_TASK ITEM:_ Look through the data below and return each line where "Beige" appears.

_ENTRIES SUPPLIED:_
▬▬▬

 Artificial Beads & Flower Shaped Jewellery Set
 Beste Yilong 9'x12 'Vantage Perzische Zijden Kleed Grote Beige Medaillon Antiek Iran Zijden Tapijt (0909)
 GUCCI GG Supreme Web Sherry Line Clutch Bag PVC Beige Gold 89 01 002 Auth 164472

▬▬▬

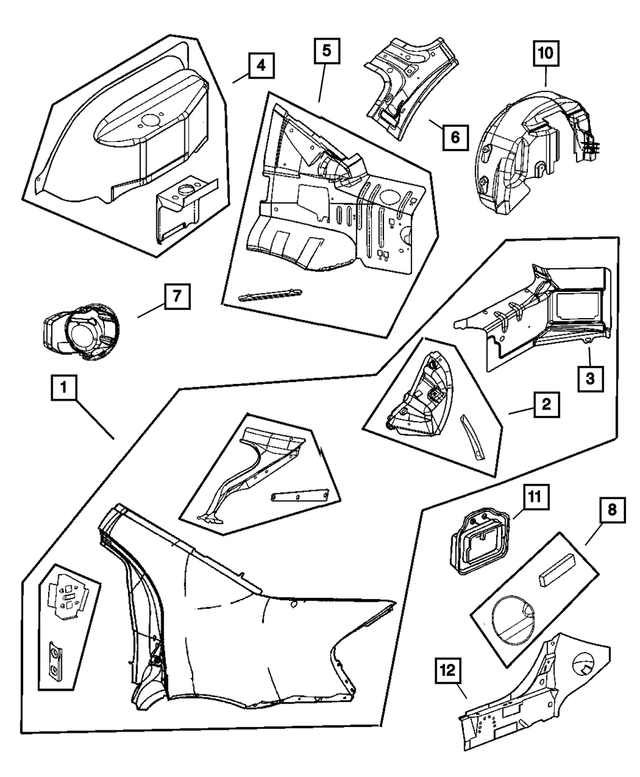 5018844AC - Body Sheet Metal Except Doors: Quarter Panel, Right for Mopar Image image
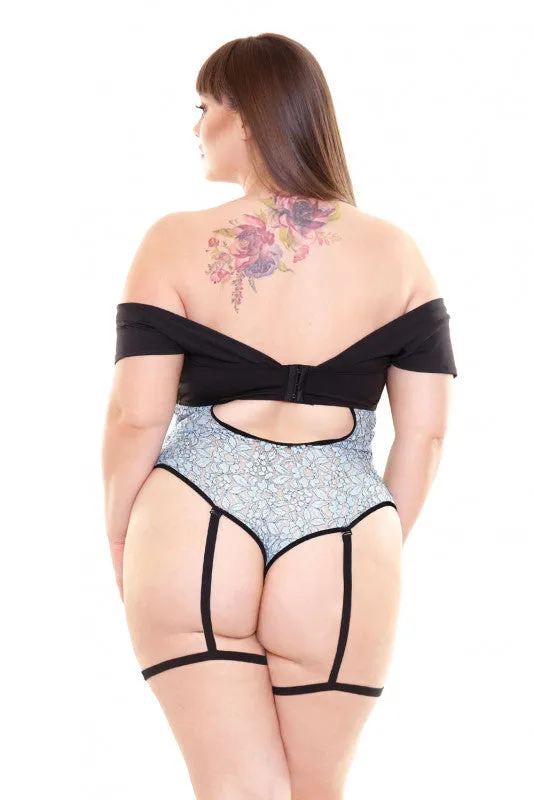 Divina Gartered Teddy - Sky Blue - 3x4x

▬▬▬

_ANSWER SECTION:_
 Beste Yilong 9'x12 'Vantage Perzische Zijden Kleed Grote Beige Medaillon Antiek Iran Zijden Tapijt (0909)
 GUCCI GG Supreme Web Sherry Line Clutch Bag PVC Beige Gold 89 01 002 Auth 164472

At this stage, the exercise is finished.